After decades of struggle, socially and politically, Iraq's women deserve to be empowered so they can make up the lost years under the former regime.
Women absent from Iraqi political scene
Iraqi women have been angered by the new government formation in their country, which sorely lacks female representation, wrote Meead al Taei in an opinion piece for the pan-Arab daily Asharq al Awsat.
Iraq's female parliamentarians refused to control the single ministry they were offered so far in the hope of leading some of the more important ministries.
After decades of struggle, socially and politically, Iraqi women deserve to be empowered so they can make up the lost years under the former regime, and have a say in making the political process in Iraq.
"Iraqi women must become essential partners in the political process and must play their role towards the success of the democratic experience in the new Iraq."
For this to happen, both the legislative and executive powers have to ensure justice and protect women by respecting the quota provided in the constitution. Under the law, they reserve the right to hold 25 per cent of seats in the parliament and provincial councils.
Yet the first political experience of Iraqi women in the past few years have shown that it was feeble on the whole. This due to social taboos, which still undermine women's ability to lead.
In a patriarchal society like Iraq, few women were given chance to develop further their skills in community leadership to prove themselves.
A Moroccan arrives as ambassador in Madrid
In a report in the London-based newspaper Al Quds al Arabi, Hussein Majdoubi wrote that Ahmed Ould Sweilem had finally reached his post as the ambassador of Morocco to Madrid, marking a delay of one year.

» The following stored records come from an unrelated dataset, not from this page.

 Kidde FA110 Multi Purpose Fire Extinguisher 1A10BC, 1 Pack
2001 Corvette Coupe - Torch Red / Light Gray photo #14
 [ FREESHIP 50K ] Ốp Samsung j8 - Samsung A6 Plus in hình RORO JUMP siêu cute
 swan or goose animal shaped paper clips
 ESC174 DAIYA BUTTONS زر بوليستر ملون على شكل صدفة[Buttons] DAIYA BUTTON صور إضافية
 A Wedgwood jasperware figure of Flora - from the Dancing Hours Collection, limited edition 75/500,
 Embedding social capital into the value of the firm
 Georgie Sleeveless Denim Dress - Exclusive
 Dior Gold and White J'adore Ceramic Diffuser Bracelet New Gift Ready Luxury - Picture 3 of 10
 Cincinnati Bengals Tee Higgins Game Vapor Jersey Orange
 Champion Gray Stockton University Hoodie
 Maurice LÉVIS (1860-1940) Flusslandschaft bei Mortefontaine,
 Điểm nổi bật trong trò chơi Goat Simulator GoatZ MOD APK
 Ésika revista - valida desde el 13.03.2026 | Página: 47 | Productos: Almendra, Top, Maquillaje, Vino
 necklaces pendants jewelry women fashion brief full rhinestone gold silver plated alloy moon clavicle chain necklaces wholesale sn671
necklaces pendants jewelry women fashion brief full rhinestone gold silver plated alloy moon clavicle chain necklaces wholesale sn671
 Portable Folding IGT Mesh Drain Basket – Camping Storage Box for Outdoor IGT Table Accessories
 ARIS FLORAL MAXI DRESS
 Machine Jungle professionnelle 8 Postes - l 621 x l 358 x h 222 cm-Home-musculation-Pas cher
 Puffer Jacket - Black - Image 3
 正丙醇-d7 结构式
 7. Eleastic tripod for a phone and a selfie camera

Mr Sweilem arrived in Spain last Saturday, a source from the Spanish foreign affairs confirmed. Although he was appointed last November, he did not take office as Rabat decided later to review its relations with Madrid.
Because the new ambassador was a former leader of Polisario, Spanish political circles were concerned that his appointment was aimed at making Spain a site of confrontation with his former colleagues.
Spanish authorities hope that Morocco will review its decision and replace him by another diplomat.
Madrid fears the new ambassador would be more interested in defending the autonomy plan proposed by Morocco at the expense of promoting bilateral relations, especially since Rabat tops the Spanish diplomatic agenda.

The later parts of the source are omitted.